The main subject of the data integration tasks presented here lies in Open Access systems. For examples of the key materials published, see [7,8,9,10]. Detailed technical presentation of this action field could also be found in [9,11,12]. Open access promises very efficient data processing; however practically, it receives restrictions for commercial, safety, competition, and political reasons. A practical response to these restrictions initiated FAIR data processing method in 2015, and initially referenced in [13]. The most mature review of this action field is possibly presented in [14]. Practical usage of FAIR in the tasks of this paper was presented at the ECCO conferences; see [15,16].

The main tool constructed for the big data integration tasks was Semantic Web. The most official presentation is the W3C report (https://www.w3.org/standards/semanticweb/ (accessed on 30 October 2022)). This method was presented in a large list of publications; for examples, see [12,17]. In its practical usage for the tasks presented above, Semantic WEB must be implemented in most of the databases integrated. The most advanced integration solutions in the microbial domain were discovered inside NCBI Life Science databases with good connection to ATCC mBRC (kindly look at https://www.ncbi.nlm.nih.gov/ (accessed on 30 October 2022)) and in EMBL-EBI (https://www.ebi.ac.uk/services (accessed on 30 October 2022)), but the absolute majority of Life Science databases did not indicate the usage of these technologies.
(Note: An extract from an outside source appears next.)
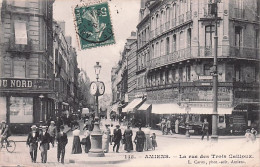 80 - AMIENS  - La Rue Des Trois Cailloux - Amiens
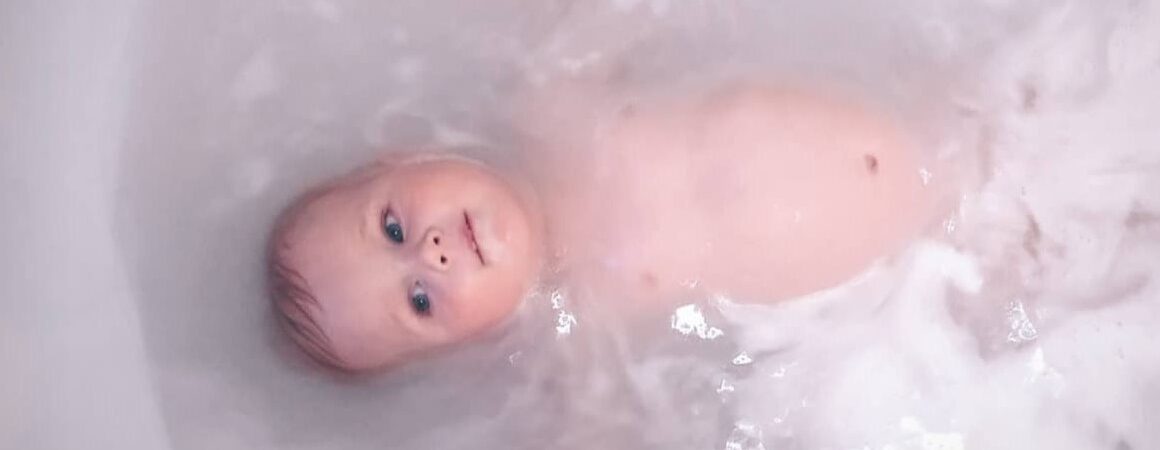 How to bathe a baby step by step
Therefore, we had to construct the data integration schema with extensive usage of the technologies mentioned above, and using publication examples: [18,19]. This integration schema was reported in MIRRI and EOSC-Life workshops. Currently, there are some privacy restrictions on its public presentation. However, we hope that later on, this will become the subject of additional and more technical article. In [3], there is also a reference to the Python script (kindly constructed by Mikhail Vasilenko) that discovered microorganism strains of the VKM microbial culture collection (http://www.vkm.ru/ (accessed on 30 October 2022)) in the Life Science databases of four databases producers mentioned here.

This research and this database integration effort were initiated inside the MIRRI project (2012–2015) and have not been finished even now. The main interconnection between records in the Life Science databases and strains in CC catalogs for human access and computers is not finished yet. The integration contracts with the main database producers are still not signed, but this effort was included in the EOSC-Life project and in the list of the MIRRI infrastructure actions.

5. Conclusions

According to our statistics, in this research we gathered the world’s largest collection of Life Science databases, and the most structured examples of them. This collection provides a new metabase, which helps us in data integration tasks. The solutions for these tasks appear technically possible, and they promise financial and scientific success.